Simone Weil scriveva che “ogni volta che facciamo le cose con cura distruggiamo il male che è in noi”. Fare le cose con cura, però, significa anche rispettare il tempo dell’attesa, senza desistere e senza farsi consumare. Lo ha raccontato lo scrittore torinese Fabio Geda, autore de “La casa dell’attesa”, in cui offre uno spaccato dell’attività della “casa de espera” di Chiulo, nella provincia del Cunene, in Angola, dove le donne che devono partorire vivono l’ultimo mese di gravidanza prima di spostarsi nell’ospedale che sta proprio lì accanto. E che, come la “casa de espera”, è gestito dal Cuamm – Medici con l’Africa. Geda ha parlato del suo libro nel Parco delle Terme di Levico, in dialogo con la libraia Lisa Orlandi, sabato 9 agosto, ospite della rassegna “Levico incontra gli autori”, organizzata dalla Piccola Libreria e dalla biblioteca comunale.
Tutto il libro ruota attorno al concetto di attesa. Come quella, molto lunga, del Paese dell’Africa sud-occidentale per l’indipendenza, che arrivò solo nel 1975, dopo quasi cinque secoli di dominio portoghese e due secoli in cui fu il canale principale da cui partiva la rotta degli schiavi. Per questo “La casa dell’attesa” si apre con la storia del medico e poeta Agostinho Neto, primo presidente dell’Angola libera. Che davvero libera lo fu per poco, perché visse 27 anni di guerra civile, come ha raccontato il reporter polacco Ryszard Kapuscinski in “Ancora un giorno”. Un conflitto che fece diventare il Paese lusofono una terra d’interesse anche per gli equilibri geopolitici della Guerra fredda.
L’incontro con Geda è stato organizzato grazie alla collaborazione della sezione trentina del Cuamm, che a Chulo è di casa: il responsabile, Carmelo Fanelli, è appena rientrato da un viaggio proprio dal Cunene. E anche Fabio Battisti e Cornelia Giovanella sono stati più e più volte a Chulo. “Ci ho lavorato per tre anni nell’ultimo decennio – ha raccontato Battisti -, facendo il ginecologo e l’ostetrico. Il libro di Fabio mi ha colpito in maniera particolare, perché descrive la situazione di Chulo in maniera estremamente veritiera. L’ho letto tutto d’un fiato”.

L’ospedale accanto alla “casa de espera”, ha ricordato Battisti, apparteneva alle Mediche missionarie di Maria, che nel 2000 lo donarono alla Diocesi, “che si trovò un ospedale da 210 posti senza avere nessun medico. A quel punto il vescovo chiese aiuto alla Diocesi di Padova, che interpellò il Cuamm: in questo modo siamo arrivati a Chiulo”.
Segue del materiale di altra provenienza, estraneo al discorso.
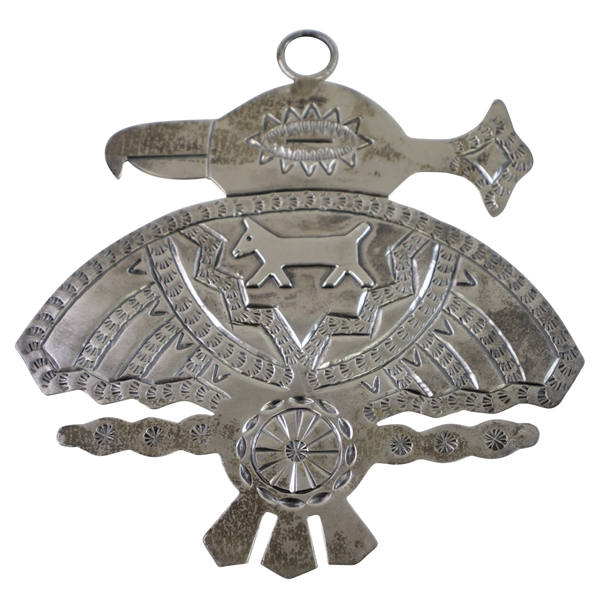 Jack Flecks 1960 Phoenix Open Champions Awarded Thunderbirds Silver Pendant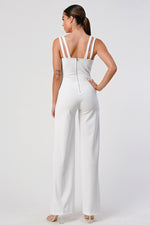 Open Safety Pin Detailed Jumpsuit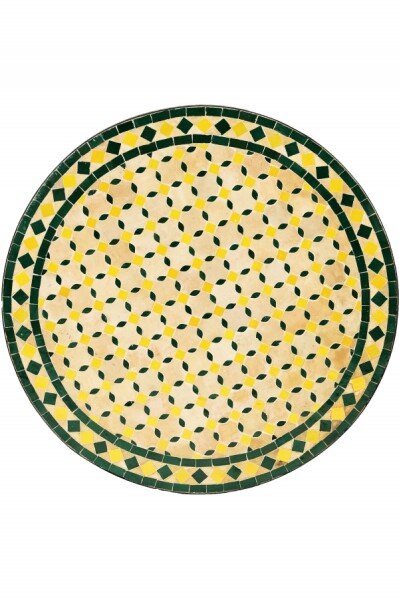 Beige-jaune-vert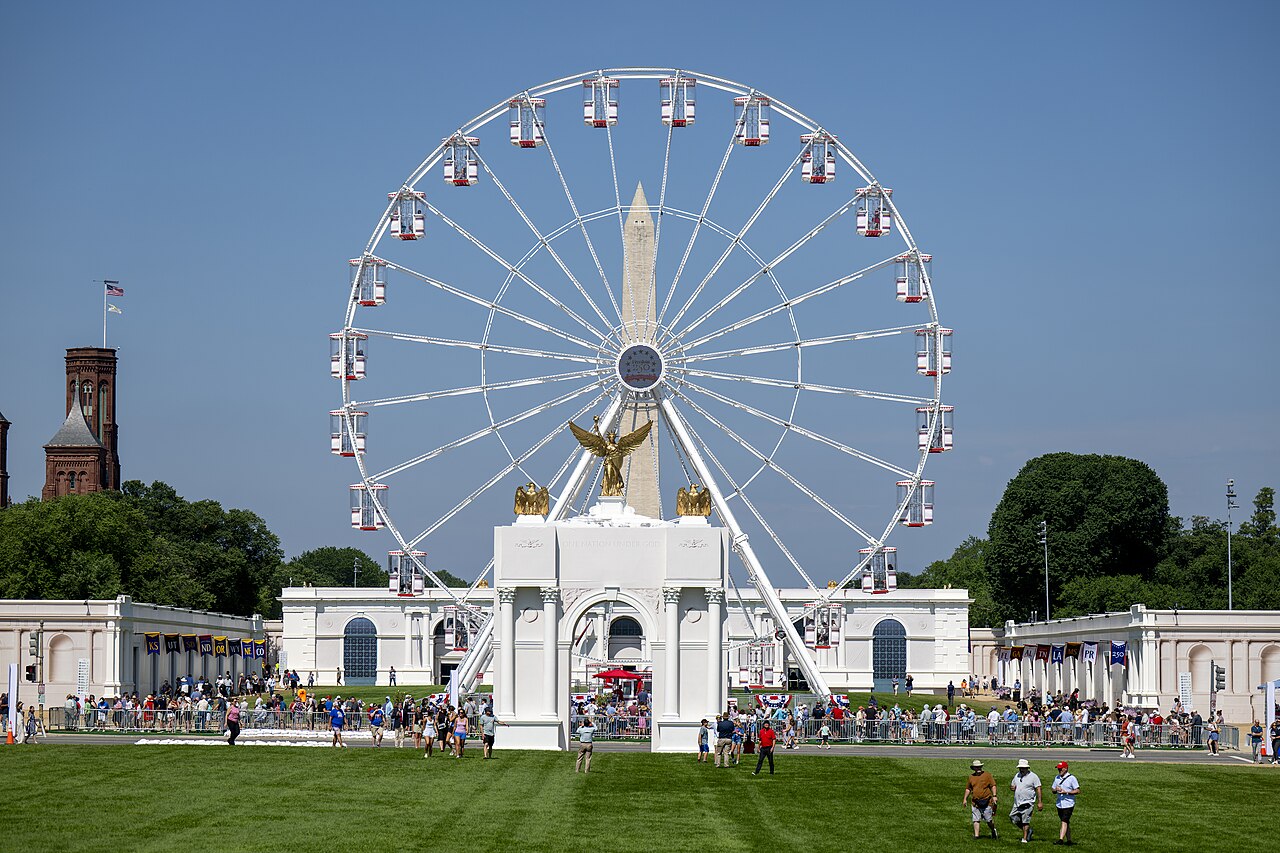 Great_American_State_Fair_USDA_Booth_and_Fair_Ground_from_Ferris_Wheel_(55366850829)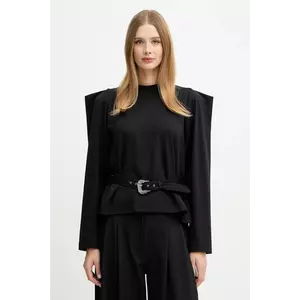 Versace Jeans Couture longsleeve culoarea negru, 79HAH600 J0089 imagine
L’attesa è al centro di tutto il volume, perché è anche croce e delizia del lavoro di chi fa cooperazione internazionale. E del lavoro di chi, come i medici del Cuamm, si prende cura dell’altro. Un messaggio importante in un tempo in cui l’attesa quasi si rifiuta. “Viviamo in una società molto prestazionale. Siamo abituati a darci da fare solo quando abbiamo la certezza del risultato. Se non abbiamo questa certezza, rischiamo di disamorarci del nostro impegno e di abbandonarlo”, ha riflettuto Geda. “Stare a Chiulo vuol dire saper stare in un tempo lungo – perché il Cuamm è lì da 25 anni – e osservare i risultati dopo molto tempo, o non vederli affatto. Quando la ‘casa de espera’ è stata aperta, il primo anno ha accolto sette donne. Adesso ce n’erano ottanta”.
L’attesa – che in portoghese si chiama “espera”, e che evoca la parola “speranza” – porta anche a fare le cose con maggiore cura. “Fare le cose con cura significa anche saper attraversare il tempo dell’attesa – ha affermato Geda -, un tema che, per chi fa cooperazione, può essere anche frustrante. Alla fine il libro è un invito a rallentare e ad imparare a fare le cose con cura, anche se non siamo medici, anche se non salviamo vite. Noi che raccontiamo storie ci prendiamo cura delle vite e delle storie, ma non le salviamo. Però raccontare una storia significa imparare a rallentare, chiudere il mondo fuori dalla porta e imparare a stare dentro la storia che hai scelto di raccontarla, per abitarla e per farsi abitare da quella storia”.